It will work if you comment out the line referring to a log file in /etc/ninja/ninja.conf
I have reported the bug and sent debugging information to the developer.
Comment by bodhi.zazen — June 6, 2009 @ 9:03 am
cool
Comment by karlzt — June 6, 2009 @ 9:06 am
[...] algo más sencillo y no tan crítico, como dar acceso de terminal o X a usuarios finales. Acá hay un post sobre cómo instalarlo en [...]
Pingback by El Blog de Marcelo! » Dos herramientas para Sysadmins: Ninja y KSplice — June 6, 2009 @ 11:20 am
Hey!
Found your feed on planet (ubuntu).
Nice tutorial! I’m loving my ninjas
!
Comment by Ben Crisford — June 6, 2009 @ 3:26 pm
Hi,
Nice extra security measure!
I followed your guide. Installed it on my home server and it started eating 25% of my cpu cycles!
So i set the interval to 1. Now it just eats 2%.
This is on a 1.2Ghz Celeron.
Does this mean that processes that execute as root an die immediately could go unnoticed?
Comment by bla — June 8, 2009 @ 3:05 am
My understanding is that an interval of 1 instructs ninja to scan all active processes every 1 second (0 = continuous or no delay).
As with all security measures, best to test it out.
In terms of the log, I believe there will be a log of the process as it is started, but again check it out. I fyou wish, you can change the logging options.

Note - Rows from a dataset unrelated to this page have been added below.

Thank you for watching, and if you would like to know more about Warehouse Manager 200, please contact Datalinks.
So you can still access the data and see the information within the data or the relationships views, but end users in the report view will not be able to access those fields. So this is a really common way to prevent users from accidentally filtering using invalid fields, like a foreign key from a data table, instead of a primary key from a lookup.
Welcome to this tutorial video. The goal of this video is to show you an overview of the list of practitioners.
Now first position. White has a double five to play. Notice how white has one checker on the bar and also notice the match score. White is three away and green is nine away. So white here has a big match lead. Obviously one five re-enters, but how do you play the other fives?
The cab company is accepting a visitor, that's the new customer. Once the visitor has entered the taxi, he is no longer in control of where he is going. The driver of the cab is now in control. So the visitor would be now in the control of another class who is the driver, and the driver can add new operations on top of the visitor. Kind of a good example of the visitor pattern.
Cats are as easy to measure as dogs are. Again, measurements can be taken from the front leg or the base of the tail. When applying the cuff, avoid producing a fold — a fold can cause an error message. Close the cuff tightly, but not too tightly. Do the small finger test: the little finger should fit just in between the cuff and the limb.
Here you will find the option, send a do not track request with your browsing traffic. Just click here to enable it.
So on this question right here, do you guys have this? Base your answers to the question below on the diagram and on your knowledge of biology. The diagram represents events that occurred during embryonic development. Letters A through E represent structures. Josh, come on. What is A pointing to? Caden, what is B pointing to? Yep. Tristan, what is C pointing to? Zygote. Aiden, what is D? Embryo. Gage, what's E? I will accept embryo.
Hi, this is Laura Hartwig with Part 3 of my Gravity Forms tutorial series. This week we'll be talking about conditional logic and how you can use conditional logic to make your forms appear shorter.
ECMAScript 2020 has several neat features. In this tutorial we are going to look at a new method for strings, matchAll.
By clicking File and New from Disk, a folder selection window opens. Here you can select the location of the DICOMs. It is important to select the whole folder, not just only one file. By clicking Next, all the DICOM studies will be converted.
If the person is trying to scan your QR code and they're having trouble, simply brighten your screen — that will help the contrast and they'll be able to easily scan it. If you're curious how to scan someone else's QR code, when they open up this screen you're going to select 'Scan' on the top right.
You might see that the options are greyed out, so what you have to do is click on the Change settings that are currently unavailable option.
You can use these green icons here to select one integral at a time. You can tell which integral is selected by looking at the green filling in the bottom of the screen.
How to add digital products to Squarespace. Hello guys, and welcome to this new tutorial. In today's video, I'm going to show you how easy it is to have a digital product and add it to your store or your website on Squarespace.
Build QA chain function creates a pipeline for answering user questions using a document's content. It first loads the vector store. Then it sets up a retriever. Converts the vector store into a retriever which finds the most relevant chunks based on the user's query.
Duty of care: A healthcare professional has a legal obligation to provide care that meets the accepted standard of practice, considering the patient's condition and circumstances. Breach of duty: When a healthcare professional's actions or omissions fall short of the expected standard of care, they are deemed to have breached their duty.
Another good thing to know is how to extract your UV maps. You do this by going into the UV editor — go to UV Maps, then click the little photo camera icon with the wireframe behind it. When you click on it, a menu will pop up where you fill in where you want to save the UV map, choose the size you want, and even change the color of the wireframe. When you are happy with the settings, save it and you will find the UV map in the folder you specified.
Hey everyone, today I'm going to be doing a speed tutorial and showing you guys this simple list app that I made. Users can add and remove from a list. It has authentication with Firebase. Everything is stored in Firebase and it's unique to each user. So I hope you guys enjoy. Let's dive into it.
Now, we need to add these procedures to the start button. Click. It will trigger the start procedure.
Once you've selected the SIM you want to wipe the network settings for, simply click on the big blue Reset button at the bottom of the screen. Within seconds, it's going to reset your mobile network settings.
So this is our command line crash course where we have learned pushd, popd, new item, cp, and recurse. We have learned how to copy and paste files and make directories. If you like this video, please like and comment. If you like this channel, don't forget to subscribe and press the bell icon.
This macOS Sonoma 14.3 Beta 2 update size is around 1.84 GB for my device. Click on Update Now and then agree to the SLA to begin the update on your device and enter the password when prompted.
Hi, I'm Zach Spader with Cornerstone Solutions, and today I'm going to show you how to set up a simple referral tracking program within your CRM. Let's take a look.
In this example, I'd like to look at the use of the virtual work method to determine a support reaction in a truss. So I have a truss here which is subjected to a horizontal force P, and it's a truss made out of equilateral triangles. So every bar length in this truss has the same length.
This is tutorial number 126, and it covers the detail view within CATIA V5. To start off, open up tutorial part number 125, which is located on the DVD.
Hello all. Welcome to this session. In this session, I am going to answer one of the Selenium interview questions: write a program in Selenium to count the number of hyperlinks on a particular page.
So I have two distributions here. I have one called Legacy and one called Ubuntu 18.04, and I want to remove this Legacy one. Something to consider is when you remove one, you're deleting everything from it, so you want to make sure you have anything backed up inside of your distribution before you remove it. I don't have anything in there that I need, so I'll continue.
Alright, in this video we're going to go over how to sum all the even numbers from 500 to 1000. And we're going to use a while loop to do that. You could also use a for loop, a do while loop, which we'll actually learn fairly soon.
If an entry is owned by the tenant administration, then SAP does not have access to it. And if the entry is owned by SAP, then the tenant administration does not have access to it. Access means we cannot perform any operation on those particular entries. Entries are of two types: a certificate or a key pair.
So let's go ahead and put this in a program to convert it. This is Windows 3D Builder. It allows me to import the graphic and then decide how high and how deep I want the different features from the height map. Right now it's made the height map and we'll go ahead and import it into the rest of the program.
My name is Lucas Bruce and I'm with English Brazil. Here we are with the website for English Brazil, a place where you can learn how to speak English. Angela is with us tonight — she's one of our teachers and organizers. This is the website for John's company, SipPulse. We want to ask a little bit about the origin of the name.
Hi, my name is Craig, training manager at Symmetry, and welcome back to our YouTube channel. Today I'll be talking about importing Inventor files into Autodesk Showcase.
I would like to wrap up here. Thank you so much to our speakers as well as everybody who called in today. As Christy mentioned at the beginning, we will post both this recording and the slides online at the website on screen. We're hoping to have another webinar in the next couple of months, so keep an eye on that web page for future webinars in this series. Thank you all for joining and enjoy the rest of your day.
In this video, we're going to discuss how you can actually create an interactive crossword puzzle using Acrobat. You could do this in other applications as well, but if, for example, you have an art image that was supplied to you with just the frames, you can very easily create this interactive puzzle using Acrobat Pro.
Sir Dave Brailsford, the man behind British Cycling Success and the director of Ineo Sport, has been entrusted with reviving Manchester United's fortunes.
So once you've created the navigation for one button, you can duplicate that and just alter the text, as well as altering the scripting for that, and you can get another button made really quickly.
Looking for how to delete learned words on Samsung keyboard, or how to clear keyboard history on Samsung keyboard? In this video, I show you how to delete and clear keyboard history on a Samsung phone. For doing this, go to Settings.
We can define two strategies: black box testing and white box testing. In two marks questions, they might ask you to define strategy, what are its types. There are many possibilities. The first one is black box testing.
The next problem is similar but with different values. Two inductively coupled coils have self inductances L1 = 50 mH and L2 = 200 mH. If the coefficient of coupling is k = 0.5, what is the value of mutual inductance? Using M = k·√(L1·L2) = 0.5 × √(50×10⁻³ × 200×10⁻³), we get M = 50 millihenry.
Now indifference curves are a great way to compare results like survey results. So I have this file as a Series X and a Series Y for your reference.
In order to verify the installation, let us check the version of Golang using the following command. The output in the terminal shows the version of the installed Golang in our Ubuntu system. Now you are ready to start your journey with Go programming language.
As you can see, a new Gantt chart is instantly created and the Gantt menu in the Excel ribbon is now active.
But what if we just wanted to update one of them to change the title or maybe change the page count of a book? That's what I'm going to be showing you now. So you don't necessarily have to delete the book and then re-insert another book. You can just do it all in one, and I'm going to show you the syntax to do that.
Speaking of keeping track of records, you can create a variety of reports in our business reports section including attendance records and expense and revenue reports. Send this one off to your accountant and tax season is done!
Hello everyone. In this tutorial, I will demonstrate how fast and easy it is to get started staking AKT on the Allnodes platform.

Comment by bodhi.zazen — June 8, 2009 @ 2:21 pm
Hopefully this procedure will be simpler in future versions of the package:
http://bugs.debian.org/cgi-bin/bugreport.cgi?bug=550545
Comment by Francois Marier — October 11, 2009 @ 3:41 am
neat!
Comment by severity1 — October 25, 2009 @ 7:35 pm
Awesome! nice ninja tutorial
Comment by Billy — October 25, 2009 @ 10:25 pm
Thank you for sharing this howto, I liked the tool and working properly.
log:
[Sun Jan 10 07:01:57 2010] NEW ROOT PROCESS: su[21536] ppid=21414 uid=0 gid=1000
[Sun Jan 10 07:01:57 2010] – ppid uid=1000(xxxxx ) gid=1000 ppid=17568
[Sun Jan 10 07:01:57 2010] + xxxxx is in magic group, all OK!